Oct 23 2012
A recent blog compared NFL referees with courtroom judges. Both sides want the decider to be impartial and skilled. However, when judges are required to actively fundraise in order to successfully campaign for a
seat on the bench and special interest groups, lawyers and litigants who may later appear before the judge donate large sums of money,
how impartial are the judges?
This problem has ballooned within the last decade. In 1990, state Supreme Court candidates raised approximately $3 million. However, by 2000, some high court candidates raised more than $45 million. Further, some of these contributors are corporate special interests, expecting some sort of benefit for their contribution. A Center for American Progress study reported, “In courtrooms across the country, big corporations and other special interests are tilting the playing field in their favor.”
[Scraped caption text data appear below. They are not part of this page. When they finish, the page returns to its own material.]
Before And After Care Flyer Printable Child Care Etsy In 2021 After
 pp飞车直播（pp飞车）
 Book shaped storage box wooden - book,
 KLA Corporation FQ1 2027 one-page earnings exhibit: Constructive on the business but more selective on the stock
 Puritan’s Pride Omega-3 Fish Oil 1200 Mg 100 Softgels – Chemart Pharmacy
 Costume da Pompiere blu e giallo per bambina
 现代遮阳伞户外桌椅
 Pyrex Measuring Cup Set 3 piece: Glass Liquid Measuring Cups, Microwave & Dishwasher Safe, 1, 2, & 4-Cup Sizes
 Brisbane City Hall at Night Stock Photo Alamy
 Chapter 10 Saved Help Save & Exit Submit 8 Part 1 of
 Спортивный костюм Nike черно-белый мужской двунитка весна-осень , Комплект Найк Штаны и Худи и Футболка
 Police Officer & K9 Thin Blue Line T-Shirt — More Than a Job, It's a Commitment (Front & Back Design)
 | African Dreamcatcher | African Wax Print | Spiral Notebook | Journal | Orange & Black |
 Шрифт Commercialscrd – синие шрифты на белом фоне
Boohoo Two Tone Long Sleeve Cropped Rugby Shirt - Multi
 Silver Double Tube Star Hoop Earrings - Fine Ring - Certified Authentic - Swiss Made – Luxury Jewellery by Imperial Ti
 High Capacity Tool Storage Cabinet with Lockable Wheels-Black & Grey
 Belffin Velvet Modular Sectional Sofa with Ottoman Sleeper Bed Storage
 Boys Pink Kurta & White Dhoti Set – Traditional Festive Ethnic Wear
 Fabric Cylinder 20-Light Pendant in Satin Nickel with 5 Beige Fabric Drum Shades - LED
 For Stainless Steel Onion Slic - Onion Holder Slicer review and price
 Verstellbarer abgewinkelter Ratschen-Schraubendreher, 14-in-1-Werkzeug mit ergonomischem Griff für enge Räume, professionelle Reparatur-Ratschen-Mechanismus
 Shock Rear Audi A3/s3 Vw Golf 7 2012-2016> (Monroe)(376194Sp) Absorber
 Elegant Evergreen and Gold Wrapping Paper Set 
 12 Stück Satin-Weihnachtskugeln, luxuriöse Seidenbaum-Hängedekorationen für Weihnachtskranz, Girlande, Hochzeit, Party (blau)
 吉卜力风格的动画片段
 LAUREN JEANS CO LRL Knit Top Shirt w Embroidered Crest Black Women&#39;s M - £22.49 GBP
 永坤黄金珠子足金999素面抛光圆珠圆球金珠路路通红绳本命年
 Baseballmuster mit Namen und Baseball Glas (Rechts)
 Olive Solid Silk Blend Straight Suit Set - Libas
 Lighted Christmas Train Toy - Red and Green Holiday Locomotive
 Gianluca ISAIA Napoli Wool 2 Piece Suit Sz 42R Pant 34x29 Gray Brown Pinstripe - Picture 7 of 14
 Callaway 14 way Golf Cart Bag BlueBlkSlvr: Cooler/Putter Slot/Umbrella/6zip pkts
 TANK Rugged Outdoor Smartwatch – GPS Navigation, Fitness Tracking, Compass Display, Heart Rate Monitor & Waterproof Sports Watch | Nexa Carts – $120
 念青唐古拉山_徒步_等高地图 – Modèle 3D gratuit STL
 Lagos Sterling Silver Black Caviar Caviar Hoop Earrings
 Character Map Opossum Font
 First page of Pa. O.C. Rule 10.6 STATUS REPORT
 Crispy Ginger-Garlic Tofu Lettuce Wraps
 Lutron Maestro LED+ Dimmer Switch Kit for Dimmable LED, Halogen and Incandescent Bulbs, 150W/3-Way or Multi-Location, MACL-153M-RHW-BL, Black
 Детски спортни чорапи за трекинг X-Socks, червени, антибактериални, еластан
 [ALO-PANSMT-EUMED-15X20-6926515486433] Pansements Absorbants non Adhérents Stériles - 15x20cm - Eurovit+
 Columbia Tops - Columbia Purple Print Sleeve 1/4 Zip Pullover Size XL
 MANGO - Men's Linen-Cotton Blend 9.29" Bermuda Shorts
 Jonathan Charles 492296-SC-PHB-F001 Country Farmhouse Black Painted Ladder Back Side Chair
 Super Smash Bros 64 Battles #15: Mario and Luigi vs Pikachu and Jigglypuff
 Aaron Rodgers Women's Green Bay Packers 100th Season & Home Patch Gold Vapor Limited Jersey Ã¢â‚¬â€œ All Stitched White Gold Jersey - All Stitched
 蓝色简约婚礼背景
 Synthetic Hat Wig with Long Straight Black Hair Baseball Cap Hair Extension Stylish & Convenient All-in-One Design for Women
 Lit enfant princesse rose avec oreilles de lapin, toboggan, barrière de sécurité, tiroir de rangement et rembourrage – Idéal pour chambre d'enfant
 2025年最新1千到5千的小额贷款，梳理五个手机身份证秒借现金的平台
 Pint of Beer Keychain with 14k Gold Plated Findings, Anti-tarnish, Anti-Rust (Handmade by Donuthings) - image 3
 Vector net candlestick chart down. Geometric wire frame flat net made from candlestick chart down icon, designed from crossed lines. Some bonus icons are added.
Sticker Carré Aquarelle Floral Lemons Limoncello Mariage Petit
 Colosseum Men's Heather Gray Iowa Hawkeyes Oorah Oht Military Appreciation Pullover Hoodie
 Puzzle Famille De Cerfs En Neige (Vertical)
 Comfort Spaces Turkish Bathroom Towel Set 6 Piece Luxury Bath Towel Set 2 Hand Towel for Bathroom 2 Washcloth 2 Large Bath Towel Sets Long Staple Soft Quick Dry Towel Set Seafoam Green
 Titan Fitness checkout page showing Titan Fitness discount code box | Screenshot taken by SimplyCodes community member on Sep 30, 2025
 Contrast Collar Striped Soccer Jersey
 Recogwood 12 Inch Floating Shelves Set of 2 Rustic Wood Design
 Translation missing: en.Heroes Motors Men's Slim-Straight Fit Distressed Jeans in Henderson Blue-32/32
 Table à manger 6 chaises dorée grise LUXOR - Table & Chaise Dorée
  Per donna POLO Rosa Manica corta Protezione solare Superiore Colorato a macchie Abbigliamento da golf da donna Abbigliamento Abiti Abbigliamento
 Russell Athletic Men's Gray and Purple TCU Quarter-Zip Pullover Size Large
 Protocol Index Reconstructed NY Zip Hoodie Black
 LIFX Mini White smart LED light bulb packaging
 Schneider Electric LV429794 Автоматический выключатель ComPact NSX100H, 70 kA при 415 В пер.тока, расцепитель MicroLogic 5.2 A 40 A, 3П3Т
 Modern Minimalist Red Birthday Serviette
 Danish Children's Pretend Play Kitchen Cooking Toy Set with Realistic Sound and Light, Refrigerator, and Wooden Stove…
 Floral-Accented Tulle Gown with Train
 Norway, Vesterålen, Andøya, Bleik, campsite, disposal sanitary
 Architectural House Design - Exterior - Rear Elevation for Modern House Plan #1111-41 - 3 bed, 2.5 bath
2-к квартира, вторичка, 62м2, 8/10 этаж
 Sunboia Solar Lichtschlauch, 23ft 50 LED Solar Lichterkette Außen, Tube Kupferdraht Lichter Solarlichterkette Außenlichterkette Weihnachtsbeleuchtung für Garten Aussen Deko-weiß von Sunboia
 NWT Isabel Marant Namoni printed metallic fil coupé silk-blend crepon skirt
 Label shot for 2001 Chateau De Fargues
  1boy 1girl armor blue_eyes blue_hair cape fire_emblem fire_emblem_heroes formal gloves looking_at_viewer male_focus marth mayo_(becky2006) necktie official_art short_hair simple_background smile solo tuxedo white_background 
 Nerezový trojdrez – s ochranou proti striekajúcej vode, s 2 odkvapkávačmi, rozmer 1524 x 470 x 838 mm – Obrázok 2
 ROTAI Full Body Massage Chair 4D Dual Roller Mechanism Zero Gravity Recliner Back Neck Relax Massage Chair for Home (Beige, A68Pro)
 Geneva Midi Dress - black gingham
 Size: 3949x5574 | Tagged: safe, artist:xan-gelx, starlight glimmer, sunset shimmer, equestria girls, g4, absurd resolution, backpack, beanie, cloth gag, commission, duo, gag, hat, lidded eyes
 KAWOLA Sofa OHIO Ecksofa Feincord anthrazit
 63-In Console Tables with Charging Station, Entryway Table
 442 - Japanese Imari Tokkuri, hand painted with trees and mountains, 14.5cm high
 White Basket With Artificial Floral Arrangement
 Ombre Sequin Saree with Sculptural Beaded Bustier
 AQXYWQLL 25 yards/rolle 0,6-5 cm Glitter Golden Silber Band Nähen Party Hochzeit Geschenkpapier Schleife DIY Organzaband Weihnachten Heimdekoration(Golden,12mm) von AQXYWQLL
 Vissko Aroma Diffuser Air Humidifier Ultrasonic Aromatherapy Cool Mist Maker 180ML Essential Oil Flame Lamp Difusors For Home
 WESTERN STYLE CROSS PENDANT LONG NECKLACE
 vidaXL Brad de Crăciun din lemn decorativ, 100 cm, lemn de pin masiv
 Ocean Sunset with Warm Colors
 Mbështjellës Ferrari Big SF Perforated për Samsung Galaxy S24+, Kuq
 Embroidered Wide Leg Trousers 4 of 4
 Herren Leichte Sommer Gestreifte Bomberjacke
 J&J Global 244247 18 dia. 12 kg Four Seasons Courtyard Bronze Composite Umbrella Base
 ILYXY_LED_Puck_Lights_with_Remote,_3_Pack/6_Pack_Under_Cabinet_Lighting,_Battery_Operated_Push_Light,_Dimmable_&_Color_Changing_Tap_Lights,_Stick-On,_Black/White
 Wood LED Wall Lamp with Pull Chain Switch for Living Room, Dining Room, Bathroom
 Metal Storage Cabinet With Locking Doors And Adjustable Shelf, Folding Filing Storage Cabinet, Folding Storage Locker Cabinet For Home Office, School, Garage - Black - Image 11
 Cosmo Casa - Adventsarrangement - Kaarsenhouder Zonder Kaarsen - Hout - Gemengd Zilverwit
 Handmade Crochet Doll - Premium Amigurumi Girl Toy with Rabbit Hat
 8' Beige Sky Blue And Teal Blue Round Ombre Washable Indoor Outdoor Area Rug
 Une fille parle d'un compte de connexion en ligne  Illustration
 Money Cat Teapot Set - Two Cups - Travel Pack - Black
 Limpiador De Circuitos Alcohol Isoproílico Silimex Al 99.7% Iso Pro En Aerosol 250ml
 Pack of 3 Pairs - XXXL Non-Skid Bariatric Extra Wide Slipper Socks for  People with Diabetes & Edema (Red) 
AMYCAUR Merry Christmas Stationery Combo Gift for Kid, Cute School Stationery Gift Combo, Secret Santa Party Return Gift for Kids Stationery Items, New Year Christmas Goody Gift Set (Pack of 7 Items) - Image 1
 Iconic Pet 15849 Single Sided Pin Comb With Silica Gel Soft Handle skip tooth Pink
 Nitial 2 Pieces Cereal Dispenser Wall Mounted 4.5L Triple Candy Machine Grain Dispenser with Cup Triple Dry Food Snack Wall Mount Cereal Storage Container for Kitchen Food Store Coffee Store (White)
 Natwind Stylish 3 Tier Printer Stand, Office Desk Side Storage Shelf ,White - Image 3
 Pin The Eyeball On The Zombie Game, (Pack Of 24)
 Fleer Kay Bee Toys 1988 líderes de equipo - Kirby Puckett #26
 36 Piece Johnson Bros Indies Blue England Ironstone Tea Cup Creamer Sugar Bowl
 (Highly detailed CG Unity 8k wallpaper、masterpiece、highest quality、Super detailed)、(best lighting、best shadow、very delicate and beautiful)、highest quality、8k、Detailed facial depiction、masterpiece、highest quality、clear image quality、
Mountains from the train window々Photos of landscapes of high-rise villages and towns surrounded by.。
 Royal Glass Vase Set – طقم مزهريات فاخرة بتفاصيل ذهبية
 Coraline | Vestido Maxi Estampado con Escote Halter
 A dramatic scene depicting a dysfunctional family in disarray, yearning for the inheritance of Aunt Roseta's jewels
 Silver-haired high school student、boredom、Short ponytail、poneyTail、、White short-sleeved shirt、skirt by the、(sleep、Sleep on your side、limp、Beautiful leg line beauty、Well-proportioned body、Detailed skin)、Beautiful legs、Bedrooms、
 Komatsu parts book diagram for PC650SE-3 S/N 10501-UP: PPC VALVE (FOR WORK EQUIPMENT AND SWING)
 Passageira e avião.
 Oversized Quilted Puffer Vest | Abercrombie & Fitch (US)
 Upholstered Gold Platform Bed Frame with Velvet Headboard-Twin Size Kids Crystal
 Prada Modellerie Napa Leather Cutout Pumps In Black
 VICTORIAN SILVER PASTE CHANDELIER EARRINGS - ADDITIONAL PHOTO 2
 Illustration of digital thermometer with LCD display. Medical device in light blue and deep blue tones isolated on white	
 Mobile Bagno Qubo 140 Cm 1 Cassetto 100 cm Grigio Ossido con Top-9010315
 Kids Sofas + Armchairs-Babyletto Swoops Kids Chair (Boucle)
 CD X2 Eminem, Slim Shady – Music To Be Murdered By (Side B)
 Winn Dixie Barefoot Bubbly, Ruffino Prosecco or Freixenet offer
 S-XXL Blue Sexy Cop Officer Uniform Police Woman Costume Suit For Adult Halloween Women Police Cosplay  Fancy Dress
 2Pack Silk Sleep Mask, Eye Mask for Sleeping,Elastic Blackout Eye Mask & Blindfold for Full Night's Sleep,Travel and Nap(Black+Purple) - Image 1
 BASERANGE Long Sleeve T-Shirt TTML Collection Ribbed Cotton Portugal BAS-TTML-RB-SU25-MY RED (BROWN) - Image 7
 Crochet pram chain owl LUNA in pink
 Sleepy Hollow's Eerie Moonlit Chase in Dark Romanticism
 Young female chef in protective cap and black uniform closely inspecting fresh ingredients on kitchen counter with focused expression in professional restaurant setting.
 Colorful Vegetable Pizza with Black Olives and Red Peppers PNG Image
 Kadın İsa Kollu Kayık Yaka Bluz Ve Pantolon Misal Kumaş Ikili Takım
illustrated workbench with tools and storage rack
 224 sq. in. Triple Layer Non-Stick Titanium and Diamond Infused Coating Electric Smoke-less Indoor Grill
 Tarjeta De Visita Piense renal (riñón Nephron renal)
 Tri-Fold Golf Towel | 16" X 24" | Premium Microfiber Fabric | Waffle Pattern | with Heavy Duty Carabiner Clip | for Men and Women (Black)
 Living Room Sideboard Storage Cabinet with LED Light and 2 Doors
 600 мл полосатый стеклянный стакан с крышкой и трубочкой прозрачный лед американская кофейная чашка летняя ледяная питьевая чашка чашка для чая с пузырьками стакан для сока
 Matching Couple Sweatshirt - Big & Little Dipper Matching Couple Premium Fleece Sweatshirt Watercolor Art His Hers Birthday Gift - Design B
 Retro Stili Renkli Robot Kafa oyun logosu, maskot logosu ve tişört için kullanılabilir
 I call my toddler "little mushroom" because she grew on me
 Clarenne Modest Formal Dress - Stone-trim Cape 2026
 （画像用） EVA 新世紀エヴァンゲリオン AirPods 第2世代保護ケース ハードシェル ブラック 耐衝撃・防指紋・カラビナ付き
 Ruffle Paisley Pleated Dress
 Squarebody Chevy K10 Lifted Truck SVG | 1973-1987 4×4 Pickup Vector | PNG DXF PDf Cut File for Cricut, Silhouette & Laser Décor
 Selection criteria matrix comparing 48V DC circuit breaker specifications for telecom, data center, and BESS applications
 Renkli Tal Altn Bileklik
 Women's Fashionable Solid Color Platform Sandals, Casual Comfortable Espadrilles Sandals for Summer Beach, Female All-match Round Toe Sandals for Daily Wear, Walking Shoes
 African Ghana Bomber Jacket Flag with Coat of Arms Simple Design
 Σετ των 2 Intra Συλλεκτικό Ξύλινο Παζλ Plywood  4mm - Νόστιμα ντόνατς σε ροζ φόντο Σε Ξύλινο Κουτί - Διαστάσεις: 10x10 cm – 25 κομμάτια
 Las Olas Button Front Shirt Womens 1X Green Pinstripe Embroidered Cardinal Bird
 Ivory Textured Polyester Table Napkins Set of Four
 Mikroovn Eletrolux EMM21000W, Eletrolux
Although judges are supposed to be impartial, there are political movements across the country to oust judges that decide against political partisans. For example, a Pennsylvania Tea Party faction set out to defeat a few state Supreme Court justices who refused to uphold to voter ID law. In Iowa, one party, Iowans for Freedom is leading the call to remove Judge David Wiggins. He was involved in a unanimous ruling legalizing same-sex marriage. An opposing party, Justice Not Politics has emerged to protect the court system, merit selection and retention. They explain, “If politics and campaign money are allowed into the courts, justice will be for sale.”